Willie Doherty – Without Trace – Zurich

Willie Doherty’s latest body of work focuses on the sense of alienation to be found in Zurich’s peripheral spaces. Martin Jaeggi assesses the photographs and video.

The ten photographs in the first room of Willie Doherty’s exhibition Without Trace seem both strangely immediate and familiar. They are all views of Zurich’s snow-covered outskirts in winter, the season that has just passed. They were taken on several visits to Zurich that Doherty undertook in recent months, an unusual move for an artist whose work has mostly focused on his native Northern Ireland. And although locals will easily recognize some locations, in particular those taken near the two rivers that run through the city, the large-format prints also look like they could have been taken anywhere in continental Europe. The peripheral places they show seem generic and anonymous—the snow-covered bank of river, concrete modernist buildings, a highway overpass in the woods, a panoramic view of the city on a grey day, dish antennas next to some modular temporary housing. The sky, save for one image, is gray, the light even and fallow. The snow eliminates details and colors, making the sites even more indeterminate. The strict composition of the photographs, often emphasizing a central perspective, underlines their severity. This seems to be a documentary series about the margins of the city where the built environment and nature intersect, often in a jarring contrast.

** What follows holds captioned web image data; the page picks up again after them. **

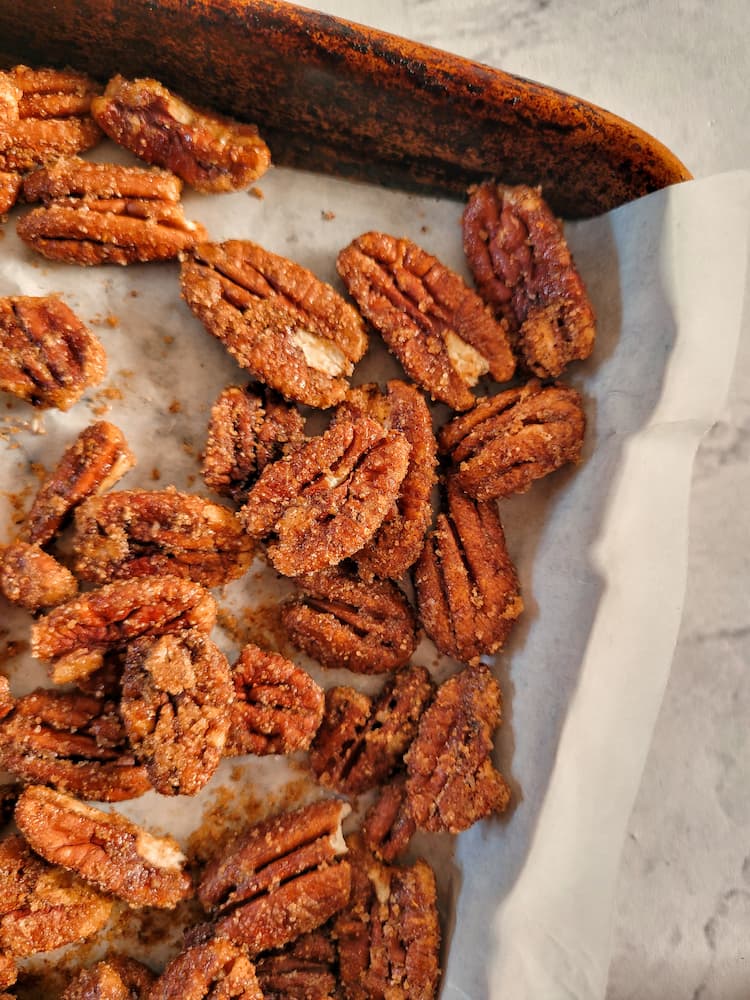 corner of a parchment lined baking sheet with candied pecans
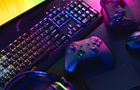 Na stole leží před monitorem klávesnice, 2 gamepady a myš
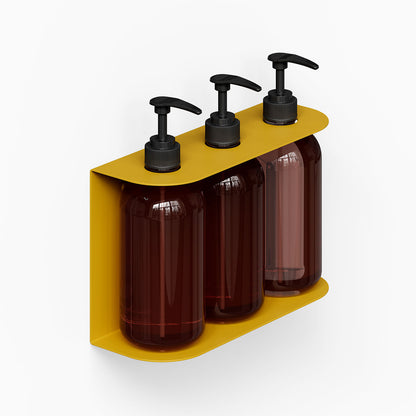 Soap Opera Shower Dispenser mounted on wall with three dark amber pump bottles in a mustard yellow minimalist metal holder designed for bathroom organization.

The wall-size video projection in the second room cunningly transforms this first impression. The video includes views similar to those in the photographs, yet the temporality of the moving images makes the sites appear more still, more forlorn. A female voice with strong foreign accent, seemingly Eastern European, tells the story of a man who had decided to spend a winter in Zurich. It’s not the photographer, as the viewer might have surmised, but instead a construction worker who has disappeared without any trace on the morning of December 12. A number of notebooks found in his apartment indicate that he felt increasingly isolated in the city. The narrator intones, “He had given up his construction job and spent his days wandering,” and he seems to have spent most of his time in places like those shown in the photographs and the video. An increasing sense of paranoia and dread had gripped him. He had sensed that the city harbored dreadful secrets, and only the rivers and the snow offered him solace. One day, he simply disappeared. The video ends with views of a frozen lake in the woods, while the woman relates that she dreamt “last night” that his corpse was lying in a frozen lake, waiting to be uncovered by the spring sun.

Doherty_Without_Trace_Installation_View_2_620; color photograph

Willie Doherty, Without Traces, 2013. Installation view at Peter Kilchmann, Zurich. Courtesy of the artist and Peter Kilchmann, Zurich.

Doherty used a similar combination of landscape views and a voice-over narration in his video Secretion (2012), presented last summer at Documenta 13. It showed decrepit industrial landscapes near Kassel, while the voice-over told the similarly Poe-like story of a former concentration-camp warden who is killed, some years after World War II, by the seepage of human remains into the drinking water, destroying his body in the form of fungal spores. Both works examine the traces of the past harbored by industrial landscapes, and the alienation they induce. The photographs in Without Traces add yet another layer of complexity to Doherty’s dense docu-fictions. At the outset, they appear to be rather straight-on documentary images. Seeing them a second time, after encountering the video projection, they are imbued with the construction worker’s narrative. They appear to show Doherty’s retracing of the construction worker’s fatal stay in Zurich. Indeed, these might be the photographs the anonymous worker would have taken himself. Doherty’s adroit manipulation of our perception points to the inherent malleability of photographic images whose content is easily twisted by additional information. A paranoia similar to the one experienced by the story’s construction worker begins to haunt the viewer, who acutely experiences how easily she may be manipulated. The images are indeed not what they seem—just like the city that refuses to yield its dreadful secrets.

Martin Jaeggi is an independent writer and curator. He writes frequently about photography and contemporary art and teaches in the photography department of the Zurich University of the Arts.

Willie Doherty’s exhibition remains on view at Peter Kilchmann, Zurich, until April 13.